Consumers' increasing appetite for mobile applications is driving online retailers to speed up their mobile marketing initiatives. According to a Forrester Research, Inc. study produced in partnership with Shop.org, nearly three-quarters (74 percent) of online retailers either already have or are developing a mobile strategy. One in five boasts having a fully implemented mobile strategy in place already. The survey of 109 companies is part of The State of Retailing Online research series, which provides eBusiness professionals with an annual industry benchmark for marketing and business investment and activities.
Earlier this year, Forrester forecast US online retail sales to total $173 billion in 2010. According to "The State Of Retailing Online: Marketing, Social Commerce and Mobile Report," Web retailers with mobile strategies:
--Are investing in features that support the cross-channel experience. Product and price information, store information, and coupons to support the in-store experience are among the most popular features that retailers are offering consumers.
--Have varied levels of investment. On average, respondents anticipated spending $170,000 on their mobile sites this year, large multichannel retailers are spending several times that amount, while smaller online pure plays on average are investing much less.
-- Are experiencing modest gains. Retailers reported that their mobile browsers at this juncture are generating a little less than 3 percent of overall site traffic and just 2 percent of revenue.
Tried and true marketing tactics such as paid search, email, and affiliate marketing command the biggest percentage of an online retailers' marketing budget. According to the report, retailers are spending nearly 40 percent of their marketing budget on paid search.

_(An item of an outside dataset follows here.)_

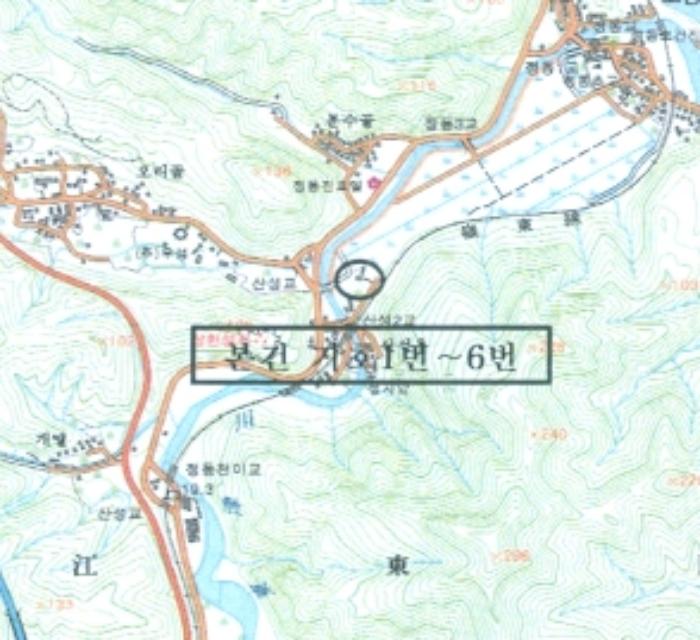 강원특별자치도 강릉시 강동면 산성우리 22 전 경매 사진 26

Retailers are finding value in social media marketing, but the ROI for driving online sales remains murky. Listening to customers is the most significant objective for social tools according to respondents, with 80 percent of retailers reporting that they are pursuing social strategies to experiment and learn. And while 28 percent noted that social marketing has helped grow their business, direct sales from social tactics are not widely measured.